## Try it
Exact reproduction required: the lines below from the line with "You're gonna love" to the line with "White vinyl downspout", both ends included, and no others.

### Given data ###

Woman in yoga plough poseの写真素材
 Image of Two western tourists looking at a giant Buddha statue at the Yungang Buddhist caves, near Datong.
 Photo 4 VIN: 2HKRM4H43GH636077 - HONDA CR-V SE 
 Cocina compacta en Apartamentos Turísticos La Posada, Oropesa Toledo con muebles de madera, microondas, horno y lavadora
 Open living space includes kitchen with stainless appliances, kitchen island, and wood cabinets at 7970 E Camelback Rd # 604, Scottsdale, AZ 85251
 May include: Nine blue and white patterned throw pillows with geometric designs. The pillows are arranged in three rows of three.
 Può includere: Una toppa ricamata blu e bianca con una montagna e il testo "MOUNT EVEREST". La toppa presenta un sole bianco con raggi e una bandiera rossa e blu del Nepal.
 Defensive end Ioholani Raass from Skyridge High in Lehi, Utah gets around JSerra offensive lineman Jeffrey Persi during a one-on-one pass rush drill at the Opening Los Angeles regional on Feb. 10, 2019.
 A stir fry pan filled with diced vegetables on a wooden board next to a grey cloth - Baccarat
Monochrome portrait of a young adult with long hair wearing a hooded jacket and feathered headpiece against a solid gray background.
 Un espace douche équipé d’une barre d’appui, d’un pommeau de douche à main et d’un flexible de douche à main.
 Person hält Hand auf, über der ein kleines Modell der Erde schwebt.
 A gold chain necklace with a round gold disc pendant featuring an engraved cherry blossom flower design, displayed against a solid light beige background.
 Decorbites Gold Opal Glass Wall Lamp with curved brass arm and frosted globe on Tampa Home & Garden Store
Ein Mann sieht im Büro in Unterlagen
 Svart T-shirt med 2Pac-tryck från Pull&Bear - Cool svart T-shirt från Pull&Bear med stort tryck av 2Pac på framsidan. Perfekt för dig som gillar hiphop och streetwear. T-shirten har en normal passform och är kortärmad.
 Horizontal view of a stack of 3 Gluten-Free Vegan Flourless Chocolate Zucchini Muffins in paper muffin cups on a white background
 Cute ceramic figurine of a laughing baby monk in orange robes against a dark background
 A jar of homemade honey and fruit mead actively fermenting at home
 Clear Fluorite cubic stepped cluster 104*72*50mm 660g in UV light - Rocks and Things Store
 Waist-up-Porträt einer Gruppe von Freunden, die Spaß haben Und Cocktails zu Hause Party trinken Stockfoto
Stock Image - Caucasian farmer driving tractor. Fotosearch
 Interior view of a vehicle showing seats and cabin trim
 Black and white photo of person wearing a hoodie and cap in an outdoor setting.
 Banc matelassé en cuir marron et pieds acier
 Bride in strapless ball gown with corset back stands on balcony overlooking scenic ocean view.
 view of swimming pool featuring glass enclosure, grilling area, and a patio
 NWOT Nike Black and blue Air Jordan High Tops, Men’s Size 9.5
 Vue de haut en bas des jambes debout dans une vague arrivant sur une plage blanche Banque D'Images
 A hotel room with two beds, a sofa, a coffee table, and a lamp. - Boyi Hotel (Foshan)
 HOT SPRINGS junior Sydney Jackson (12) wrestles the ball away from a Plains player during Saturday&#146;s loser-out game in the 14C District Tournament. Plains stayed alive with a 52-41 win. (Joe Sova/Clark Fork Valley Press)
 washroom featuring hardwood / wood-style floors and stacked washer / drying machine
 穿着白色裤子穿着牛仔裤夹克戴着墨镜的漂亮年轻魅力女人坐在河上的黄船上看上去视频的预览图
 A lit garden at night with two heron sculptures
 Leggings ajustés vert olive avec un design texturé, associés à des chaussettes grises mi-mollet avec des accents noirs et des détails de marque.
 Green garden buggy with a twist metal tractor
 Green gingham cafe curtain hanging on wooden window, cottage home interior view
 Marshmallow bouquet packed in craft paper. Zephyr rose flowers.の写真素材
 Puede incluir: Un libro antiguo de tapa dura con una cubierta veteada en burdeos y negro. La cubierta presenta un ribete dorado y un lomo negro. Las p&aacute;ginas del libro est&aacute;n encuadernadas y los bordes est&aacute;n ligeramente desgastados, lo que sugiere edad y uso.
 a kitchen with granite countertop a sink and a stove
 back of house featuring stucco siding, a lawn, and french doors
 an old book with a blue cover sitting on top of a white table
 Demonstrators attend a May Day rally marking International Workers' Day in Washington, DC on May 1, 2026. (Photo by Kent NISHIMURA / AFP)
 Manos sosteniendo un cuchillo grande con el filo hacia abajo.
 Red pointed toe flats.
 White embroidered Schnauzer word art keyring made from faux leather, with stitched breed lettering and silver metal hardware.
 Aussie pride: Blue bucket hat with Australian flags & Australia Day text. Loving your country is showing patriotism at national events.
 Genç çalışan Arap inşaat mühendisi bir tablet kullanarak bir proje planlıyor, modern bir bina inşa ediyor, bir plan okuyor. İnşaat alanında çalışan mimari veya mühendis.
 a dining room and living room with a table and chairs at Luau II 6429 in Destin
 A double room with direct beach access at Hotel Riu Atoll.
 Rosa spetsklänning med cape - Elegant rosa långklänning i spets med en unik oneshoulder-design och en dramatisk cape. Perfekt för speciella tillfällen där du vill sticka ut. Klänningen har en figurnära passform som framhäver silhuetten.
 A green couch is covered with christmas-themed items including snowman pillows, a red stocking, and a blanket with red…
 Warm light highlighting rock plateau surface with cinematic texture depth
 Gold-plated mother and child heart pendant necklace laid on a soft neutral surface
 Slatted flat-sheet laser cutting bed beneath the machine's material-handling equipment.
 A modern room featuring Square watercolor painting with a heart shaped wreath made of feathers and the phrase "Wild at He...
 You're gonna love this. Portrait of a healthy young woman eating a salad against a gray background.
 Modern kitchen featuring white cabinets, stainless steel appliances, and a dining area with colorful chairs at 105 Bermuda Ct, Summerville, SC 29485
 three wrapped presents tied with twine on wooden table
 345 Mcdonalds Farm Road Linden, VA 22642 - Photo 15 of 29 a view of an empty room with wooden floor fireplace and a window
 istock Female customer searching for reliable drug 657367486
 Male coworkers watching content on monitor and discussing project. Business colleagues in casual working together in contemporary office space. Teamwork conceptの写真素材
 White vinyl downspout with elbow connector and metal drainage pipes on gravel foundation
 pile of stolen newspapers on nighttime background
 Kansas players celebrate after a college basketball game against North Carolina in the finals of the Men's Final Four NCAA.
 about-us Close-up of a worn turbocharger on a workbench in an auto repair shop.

###

## Result for this exercise
 You're gonna love this. Portrait of a healthy young woman eating a salad against a gray background.
 Modern kitchen featuring white cabinets, stainless steel appliances, and a dining area with colorful chairs at 105 Bermuda Ct, Summerville, SC 29485
 three wrapped presents tied with twine on wooden table
 345 Mcdonalds Farm Road Linden, VA 22642 - Photo 15 of 29 a view of an empty room with wooden floor fireplace and a window
 istock Female customer searching for reliable drug 657367486
 Male coworkers watching content on monitor and discussing project. Business colleagues in casual working together in contemporary office space. Teamwork conceptの写真素材
 White vinyl downspout with elbow connector and metal drainage pipes on gravel foundation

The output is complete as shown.